The new research identifies a protein that “holds great promise as a therapeutic target for bowel cancer treatment,” adds Li, who is also a group leader at the Francis Crick Institute.

Laura Novellasdemunt, a researcher at the Francis Crick Institute, is the first author of the paper, and its findings have been published in the journal Cell Reports.

As the authors explain, colorectal cancer has been associated with a mutation in the so-called APC gene. In its healthy form, the APC gene is responsible for encoding the APC protein, which acts as a tumor suppressor.

The APC gene normally stops cells from going awry — effectively stopping cancer from spreading. However, a mutated form of the gene has been linked with various diseases, including colorectal cancer. In fact, the mutation has been associated with a 10–20 percent increase in the risk of developing colon cancer.

APC gene mutations seem to make a certain cell signaling pathway, called the Wnt pathway, hyperactive.

As Novellasdemunt and her colleagues explain, the Wnt pathway is key in controlling adult tissue homeostasis — or keeping the right balance between cell proliferation and cell death within the tissue.

For this reason, most therapeutic interventions targeting Wnt signaling prove toxic for multiple parts of the body.

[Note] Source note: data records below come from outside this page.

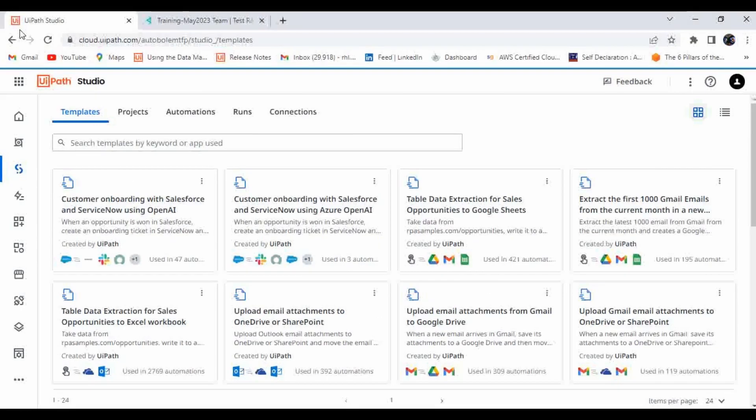Hello, welcome to Photobot YouTube channel. I'm Rahman Kishan. Today we are going to learn about connections in UiPath Studio Web. Most of the people who are using Studio Web may have seen this icon called 'Connection.'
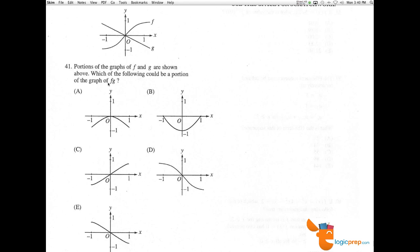Number 41. Portions of the graphs f and g are shown above. Here we have f and here we have g. Which of the following could be a portion of the graph of fg, f times g?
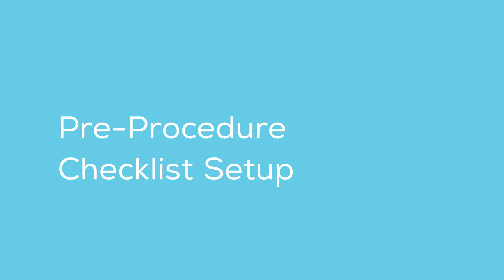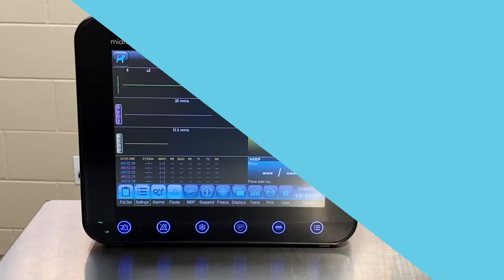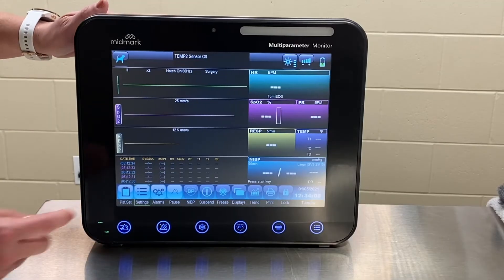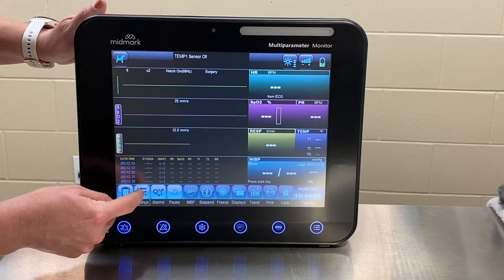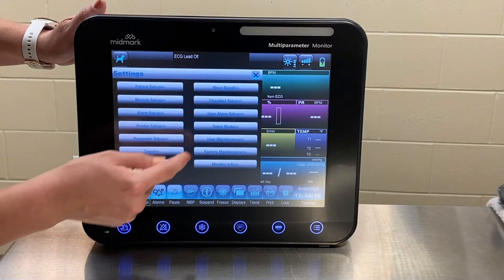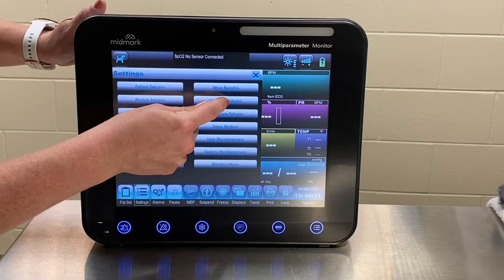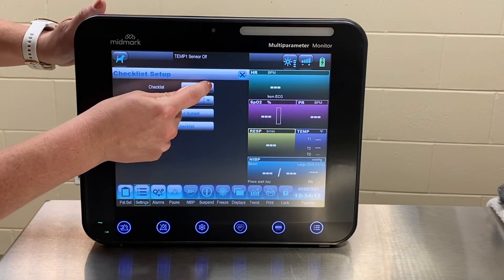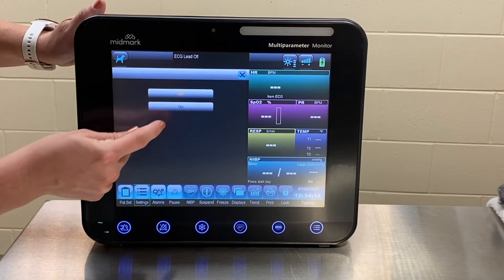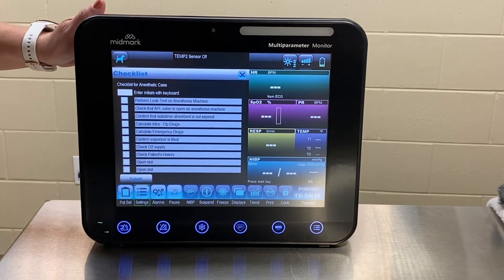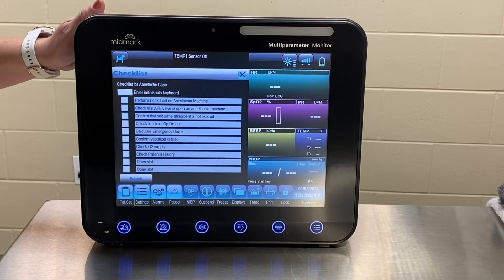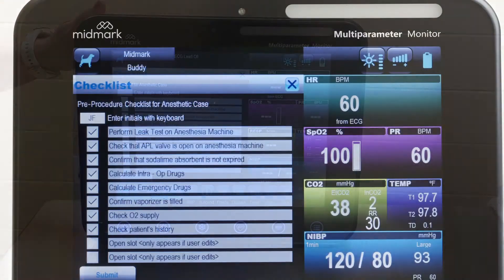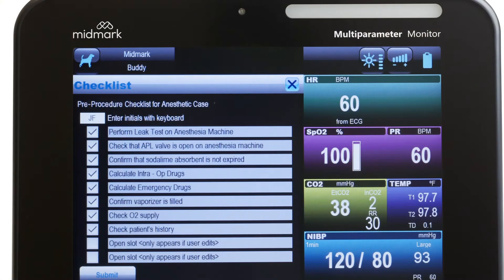To turn on the Pre-Procedure Checklist, press Settings, select Checklist Setup, expand the checklist drop-down, and select On. Every time a new patient is entered, this checklist will display across the screen, prompting the clinician to check off all the steps.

“Drugging Wnt signaling will inevitably cause toxicity to Wnt-dependent normal tissue development such as [in the] intestine, thus limiting the full anti-tumor efficacy,” write the authors.

However, by using the CRISPR genome-editing tool, the researchers eliminated the APC gene at different points and found certain gene variants that activated Wnt at pathological levels.

The gene variants identified encoded a protein called USP7. Using gene-editing and drugs, the researchers were able to deplete this protein.

Depleting the protein led to a decrease in Wnt signaling in malignant cells and delayed tumor growth in mice. Significantly, the interventions targeted Wnt signaling exclusively in tumor cells, without disrupting the signaling in healthy cells.

“[The] Wnt-activating role of USP7 is specific to APC mutations, thus can be used as [a] tumor-specific therapeutic target for most [colorectal cancers],” the authors write.

There has long been a need to find more effective and less toxic drugs to treat bowel cancer […] We have found a novel drug target that could provide the basis for a better therapy in patients in the future.”

Laura Novellasdemunt

Next, the researchers plan to investigate whether or not deleting the USP7 protein-encoding gene will altogether prevent colorectal cancer in mice.